__WORK ITEM__
Give the listing below again exactly, but without any of its pictures.

==== INFORMATION PROVIDED

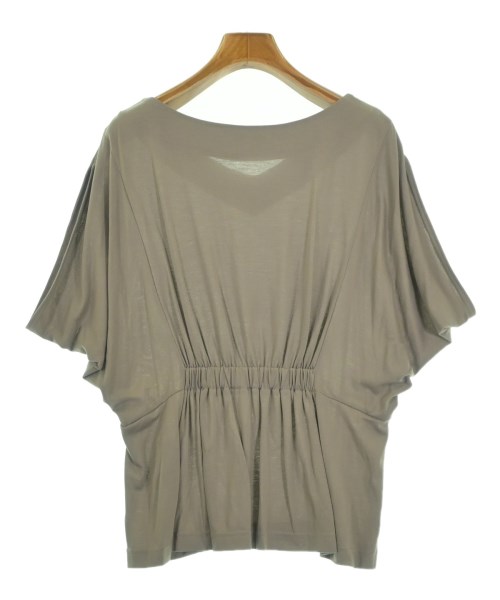 COLLAGE GALLARDAGALANTE（コラージュガリャルダガランテ）Tシャツ・カットソー グレー サイズ:F レディース/2200638714081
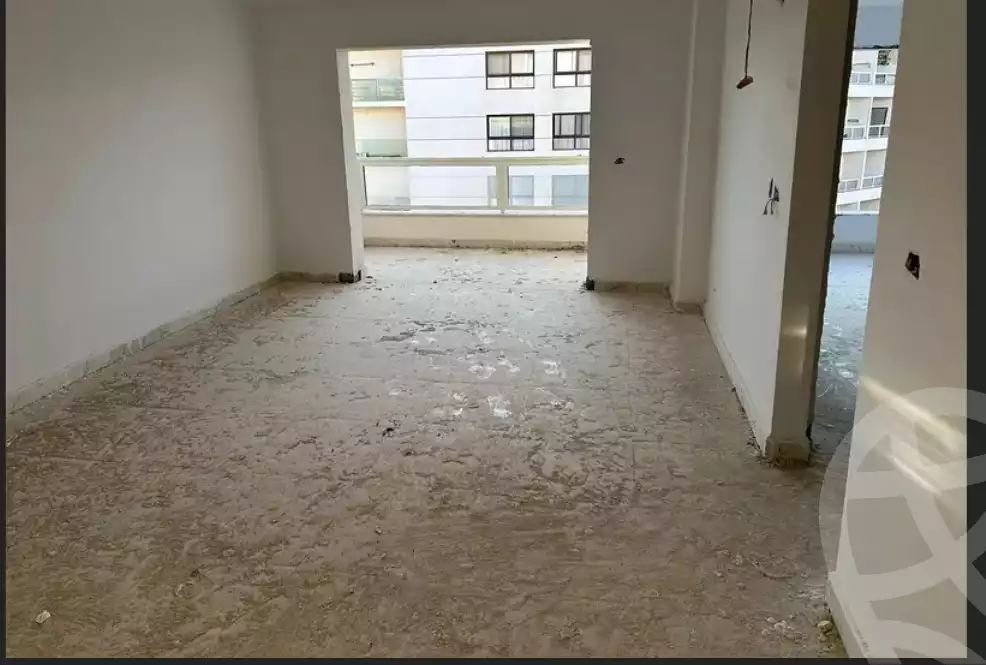https://aqarmap.com.eg/ar/listing/6295912-for-sale-port-said-mdyn-bwr-s-yd-hai-el-arab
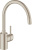 Смеситель для кухни Grohe Concetto 32663DC1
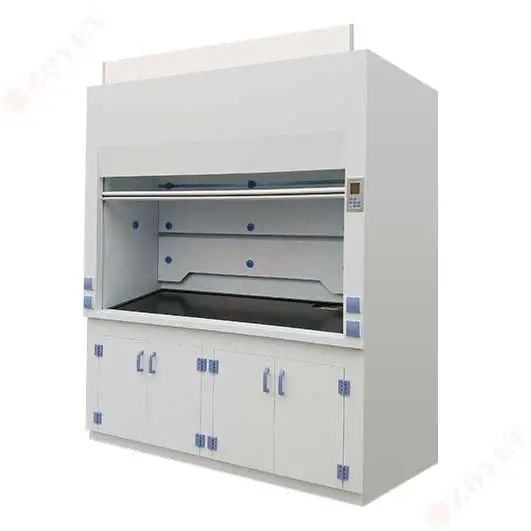 【“速度”护航】——德国马牌室外暂存柜项目圆满落成(图54) 【“速度”护航】——德国马牌室外暂存柜项目圆满落成(图54)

========

__ANSWER AREA__
 COLLAGE GALLARDAGALANTE（コラージュガリャルダガランテ）Tシャツ・カットソー グレー サイズ:F レディース/2200638714081
https://aqarmap.com.eg/ar/listing/6295912-for-sale-port-said-mdyn-bwr-s-yd-hai-el-arab
 Смеситель для кухни Grohe Concetto 32663DC1
 【“速度”护航】——德国马牌室外暂存柜项目圆满落成(图54) 【“速度”护航】——德国马牌室外暂存柜项目圆满落成(图54)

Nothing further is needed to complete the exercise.